Oleh: DR. Basuki Ranto
Dosen Pascasarjana STIE Mulia Pratama
Baru-baru ini terjadi sebuah kebijakan Pemutusan Hubungan Kerja (PHK) yang dilakukan oleh Indosat Ooredoo Hutchison. Sebanyak 300 orang di PHK dalam kondisi mufakat dalam arti diterima dengan baik oleh karyawan yang terdampak PHK, dan hebatnya PHK ini terjadi setelah kedua entitas bisnis sebelumnya melakukan merger dengan membentuk perusahaan dan nama entitas baru.
Dalam banyak kasus, kebijakan PHK menimbulkan polemik terutama tentang kesepakatan besarnya pesangon dan kompensasi lainnya sehingga perlu waktu yang cukup untuk memunculkan sebuah kesepakatan. Namun berbeda dengan kebijakan PHK di PT Indosat Ooredoo Hutchison ini yang berlangsung cukup kondusif dan semua yang terkena dampak dapat menerima dan tidak resitensi.
Seperti diketahui, PT Indosat Tbk (ISAT) dan PT Hutchison 3 Indonesia telah melakukan merger dan berlaku efektif mulai 4 Januari 2022. Penggabungan keduanya menghasilkan entitas hasil merger yang kini bernama Indosat Ooredoo Hutchison.
Sebelumnya, kedua pihak telah menandatangani perjanjian penggabungan bersyarat pada 16 September 2021 yang kemudian diperbarui pada 20 Desember.
Berdasarkan rasio pertukaran, Indosat akan memegang porsi kepemilikan saham di Indosat Ooredoo Hutchison sebesar 67,4%, sedangkan Tri 32,6%. Pada saat penyelesaian penggabungan usaha, ISAT nantinya menerbitkan 2,6 miliar saham kepada pemegang saham H3I yang akan mewakili 32,6% dari modal. Jadi pemegang saham Indosat terdilusi karena adanya kombinasi bisnis menjadi 32,6%.
Kebijakan reorganisasi dilakukan dalam rangka pertumbuhan entitas bisnis menghadapi persaingan yang cukup kompetitif apa lagi di era digital ini.
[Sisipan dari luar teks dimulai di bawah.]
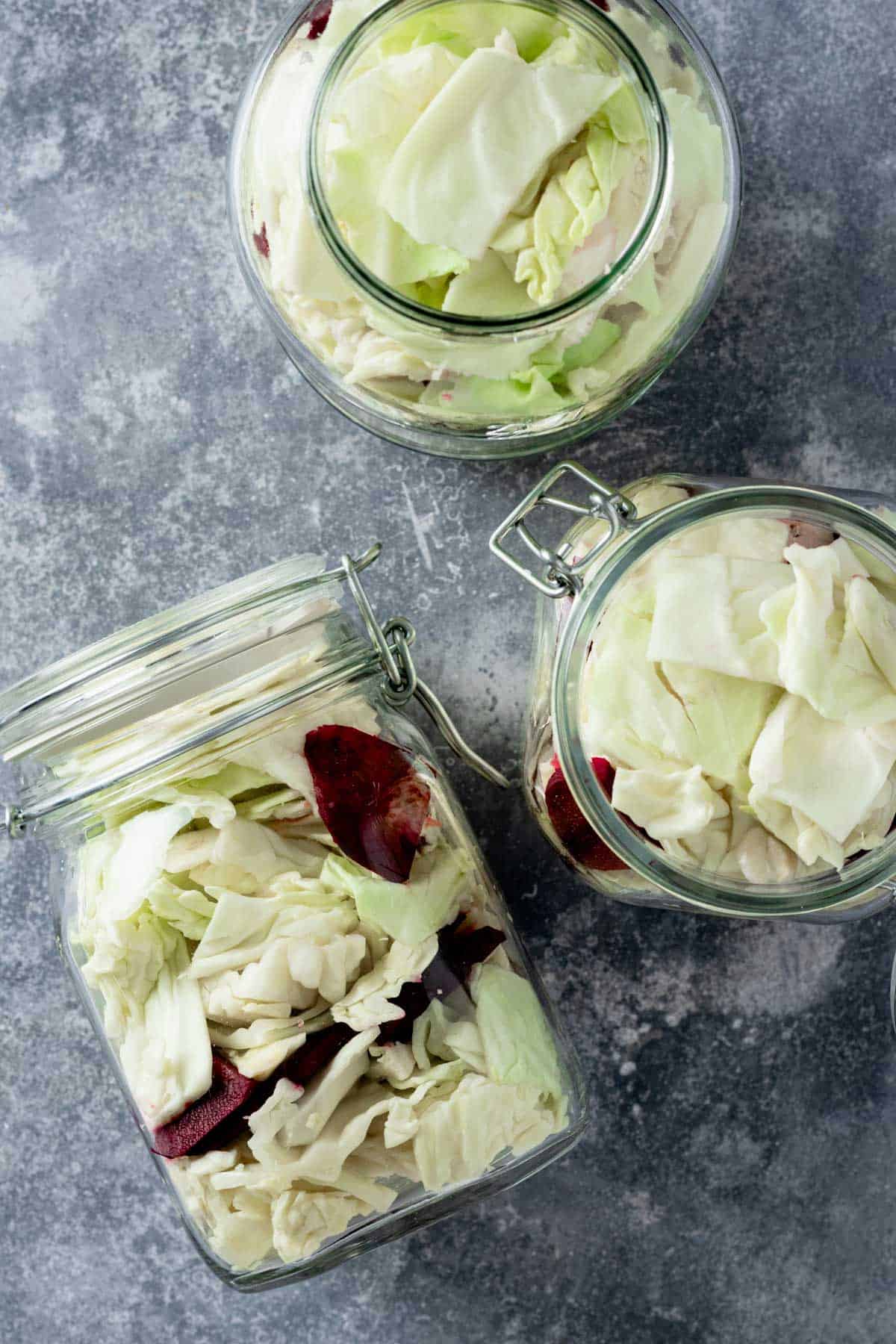 cabbage and beets stuffed in jars with pickling brine.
Reorganisasi bisa dilakukan dari sisi perampingan struktur yang tentu saja akan berkait kepada penciutan jumlah tenaga kerja melalui PHK. Dahulu banyak menggunakan istilah rasionalisasi namun sekarang banyak digunakan rightsizing melalui Pemutusan Hubungan Kerja (PHK) secara permanen.
Inisiatif reorganisasi sangat penting untuk keberlanjutan dan pertumbuhan bisnis perusahaan ke depan. Inisiatif rightsizing ini didasarkan pada strategi bisnis ke depan dan pertimbangan yang komprehensif.
Reorganisasi ini diharapkan dapat menjadi langkah strategis yang membawa Indosat Ooredoo Hutchison menjadi perusahaan telekomunikasi digital paling dipilih di Indonesia.
Kebijakan rightsizing ini memiliki alasan untuk meningkatkan kelincahan dan bertumbuh lebih cepat sesuai dengan tuntutan dan kebutuhan pasar saat ini dan perkembangan di masa depan.
Selain itu keputusan PHK diambil berdasarkan strategi bisnis ke depan. Perusahaan sedang menjalankan inisiatif rightsizing sebagai bentuk efisiensi. Saat ini, operator telepon seluler itu mempertimbangkan langkah bisnis yang komprehensif.
Indosat Ooredoo Hutchison memutuskan untuk melakukan pemutusan hubungan kerja (PHK) kepada 300 orang karyawannya.
Indosat Ooredoo dan H3I merupakan dua bisnis yang saling melengkapi sehingga dengan merger akan menciptakan perusahaan telekomunikasi dan internet digital kelas dunia yang lebih besar, kuat, dan kompetitif.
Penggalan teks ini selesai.